NLP-SIEM Pipeline¶
Overview¶
Pillar 2 gives Blue agents authentic SIEM telemetry as part of their observation. Instead of hand-crafted alert integers, the Blue LSTM reads encoded Windows Event XML strings — the same format a real Splunk/Elastic pipeline would process.
Pipeline Flow¶
graph LR
AE[Action Effect] --> SL[SIEMLogger]
GN[Green Agent Noise] --> SL
SL --> BUF[siem_log_buffer<br/>max 64 entries]
BUF --> ENC[LogEncoder.encode_buffer<br/>last 8 logs]
ENC --> VEC["siem_embedding<br/>float32 (128,)"]
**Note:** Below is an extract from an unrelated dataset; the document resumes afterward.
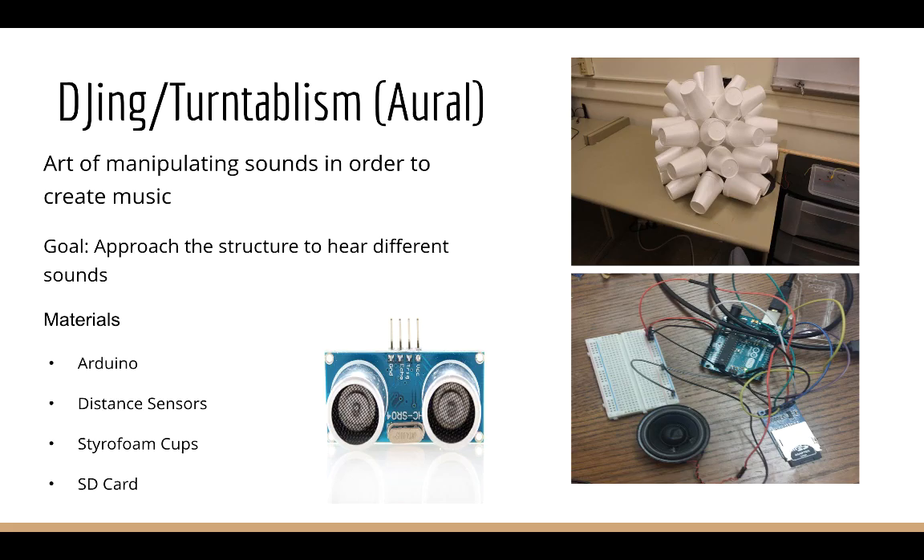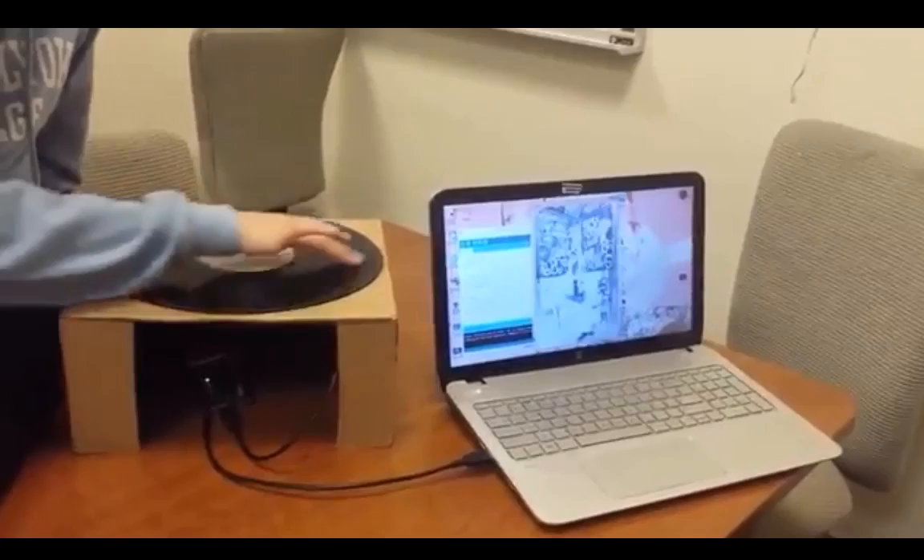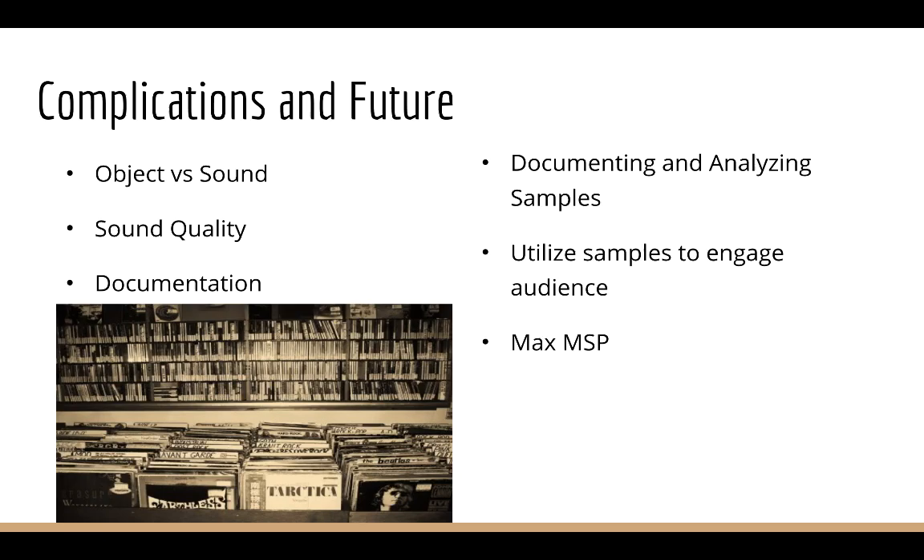My first installation is DJing and turntablism, which is the art of manipulating sound in order to create music. The materials I used were the Arduino, which is a small microcontroller that controls the structure, distance sensors, styrofoam cups, and an SD card. My initial idea was to manipulate the space with many sound sculptures, so when you approach the sculpture it would make different types of noises. This initial idea was a failure due to lack of sound quality because the Arduino does not have enough power. Another problem was that the structure took over the space versus the sound, and I did not take good documentation.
VEC --> BC[Blue Commander LSTM]
VEC --> BO[Blue Operator LSTM]
SIEMLogger¶
Generates stochastic Windows Event XML per resolved action:
| Detection Rate | Condition |
|---|---|
| 90% | Successful Red action |
| 50% | Failed Red action |
| 15%/tick | Background noise (Green agent) |
Event Templates¶
| Event ID | Description | Triggered By |
|---|---|---|
4624 |
Successful logon | ExploitEternalBlue, ExploitBlueKeep |
4625 |
Failed logon | NetworkScan, failed exploits |
4648 |
Explicit credentials | PassTheTicket |
4688 |
New process created | PrivilegeEscalate, DumpLSASS |
4768 |
TGT requested | PassTheTicket, RotateKerberos |
4776 |
NTLM credential validation | PassTheTicket |
| Sysmon 1 | Process creation | Exploit chains |
| Sysmon 3 | Network connection | All remote exploits |
| Sysmon 10 | LSASS process access | DumpLSASS — highest-fidelity |
| Sysmon 22 | DNS query | Background noise |
LogEncoder¶
Dual-backend encoder:
-
sklearn TF-IDF with char n-grams (3–5)
- TruncatedSVD → 128-dim LSA
- L2 normalised
- Fit on payload_library.json corpus at init